Sunday News (Zimbabwe)

Joshua Nkomo: Selfless patriot in the truest sense of the word

- Saul Gwakuba Ndlovu

THE following is a lecture delivered by veteran journalist and war veteran Saul Gwakuba Ndlovu at the Joshua Nkomo Memorial Lecture at Wits University in South Africa yesterday on the occasion of celebratin­g the 100th year Post Humus Birthday of national hero, Former Vice-President Dr Joshua Nyongolo Nkomo. The event was hosted by Wits University, African Heritage Projects Trust, Joshua Nkomo Cultural Movement Trust (Joshua Nkomo Family) and Industry leaders originatin­g from Zimbabwe.

Joshua Mqabuko Nkomo was born in the Semokwe Communal land in Zimbabwe’s Matabelela­nd South Province in June 1917. He should have been born in a different part of the country had his parents not been forced by the British South Africa Company authoritie­s to move from there to make room for white settlers in 1913. That area Bazha is on Zimbabwe’s high veld, a much healthier and more fertile geographic­al region.

The Semokwe communal land is Zimbabwe’s low veld, an arid, infertile, malarial region with much less rain than the high veld.
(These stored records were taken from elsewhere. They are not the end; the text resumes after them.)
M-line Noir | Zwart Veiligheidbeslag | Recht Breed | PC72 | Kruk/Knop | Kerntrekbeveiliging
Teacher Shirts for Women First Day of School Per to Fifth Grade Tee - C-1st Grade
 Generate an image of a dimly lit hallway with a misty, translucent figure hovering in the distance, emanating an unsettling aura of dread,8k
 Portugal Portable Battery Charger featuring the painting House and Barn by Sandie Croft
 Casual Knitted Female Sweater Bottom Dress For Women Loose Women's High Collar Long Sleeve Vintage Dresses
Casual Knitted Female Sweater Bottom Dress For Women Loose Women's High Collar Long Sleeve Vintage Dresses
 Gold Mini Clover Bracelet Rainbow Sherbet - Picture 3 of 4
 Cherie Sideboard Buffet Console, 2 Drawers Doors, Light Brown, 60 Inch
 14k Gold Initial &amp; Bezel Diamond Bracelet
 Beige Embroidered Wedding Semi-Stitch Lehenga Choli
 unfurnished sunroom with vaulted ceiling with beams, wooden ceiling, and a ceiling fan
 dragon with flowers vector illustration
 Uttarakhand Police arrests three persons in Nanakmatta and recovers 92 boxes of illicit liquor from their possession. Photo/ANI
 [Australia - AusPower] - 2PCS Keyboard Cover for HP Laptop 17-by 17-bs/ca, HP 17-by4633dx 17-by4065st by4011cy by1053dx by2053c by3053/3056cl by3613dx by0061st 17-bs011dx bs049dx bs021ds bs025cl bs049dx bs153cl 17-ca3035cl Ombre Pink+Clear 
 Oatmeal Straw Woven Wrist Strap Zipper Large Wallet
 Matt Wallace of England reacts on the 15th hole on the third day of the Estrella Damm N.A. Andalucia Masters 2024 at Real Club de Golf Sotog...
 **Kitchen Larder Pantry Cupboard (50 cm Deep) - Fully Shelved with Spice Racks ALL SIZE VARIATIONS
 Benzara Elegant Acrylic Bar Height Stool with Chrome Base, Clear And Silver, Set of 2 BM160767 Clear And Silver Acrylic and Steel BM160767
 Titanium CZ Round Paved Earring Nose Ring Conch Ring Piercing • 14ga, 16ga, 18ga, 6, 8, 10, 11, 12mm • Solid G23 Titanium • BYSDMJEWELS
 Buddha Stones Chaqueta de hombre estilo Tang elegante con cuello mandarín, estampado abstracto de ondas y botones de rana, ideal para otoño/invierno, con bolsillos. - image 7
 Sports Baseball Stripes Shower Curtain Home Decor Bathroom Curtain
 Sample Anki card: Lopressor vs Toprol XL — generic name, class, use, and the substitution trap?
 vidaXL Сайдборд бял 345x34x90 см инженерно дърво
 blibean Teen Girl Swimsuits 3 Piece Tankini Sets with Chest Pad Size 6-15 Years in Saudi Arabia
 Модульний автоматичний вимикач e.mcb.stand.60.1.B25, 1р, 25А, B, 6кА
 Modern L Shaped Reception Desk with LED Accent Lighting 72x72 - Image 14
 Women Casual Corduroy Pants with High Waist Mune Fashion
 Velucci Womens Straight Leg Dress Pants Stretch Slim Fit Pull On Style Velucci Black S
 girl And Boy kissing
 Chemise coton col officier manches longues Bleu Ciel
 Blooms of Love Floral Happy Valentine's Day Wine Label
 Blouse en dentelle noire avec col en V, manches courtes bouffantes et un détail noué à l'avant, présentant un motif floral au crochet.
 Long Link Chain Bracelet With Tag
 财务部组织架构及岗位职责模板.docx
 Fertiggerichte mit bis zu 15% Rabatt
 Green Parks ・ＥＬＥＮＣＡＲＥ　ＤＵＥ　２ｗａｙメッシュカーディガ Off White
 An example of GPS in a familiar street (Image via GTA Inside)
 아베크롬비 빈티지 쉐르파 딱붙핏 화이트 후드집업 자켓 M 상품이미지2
Communal lands were originally called “native reserves” and were the brain child of Cecil John Rhodes when he was the Cape Colony’s Prime Minister and Native Affairs Minister in the late 1880s. His first “native reserve” was in the then Cape Colon’s Glen Grey District and was created by a Parliament­ary Act by the name Glen Grey Act.

Joshua Nkomo grew up in that repressive environmen­t in which the black people of Southern Rhodesia lived precarious­ly on the barren native reserves. More and more were dumped on that type of land yearly, creating a false picture of land shortage for the black people. The land shortage adversely affected the black people’s livestock as pasture became scarce. Because of this Africans became dependant on employment for their existence, and employers were the white settlers who had seized the black people’s good land. The socio economic environmen­t formed and shaped Joshua Nkomo’s political outlook.

As a boy, herding cattle in the bush he would organise other boys into two make believe opposing groups, one group representi­ng white settler soldiers and the other African warriors. The two groups armed with toy guns and wooden spears would engage in mock battles. He would always command the African warriors and I was told his group would always be declared the victors.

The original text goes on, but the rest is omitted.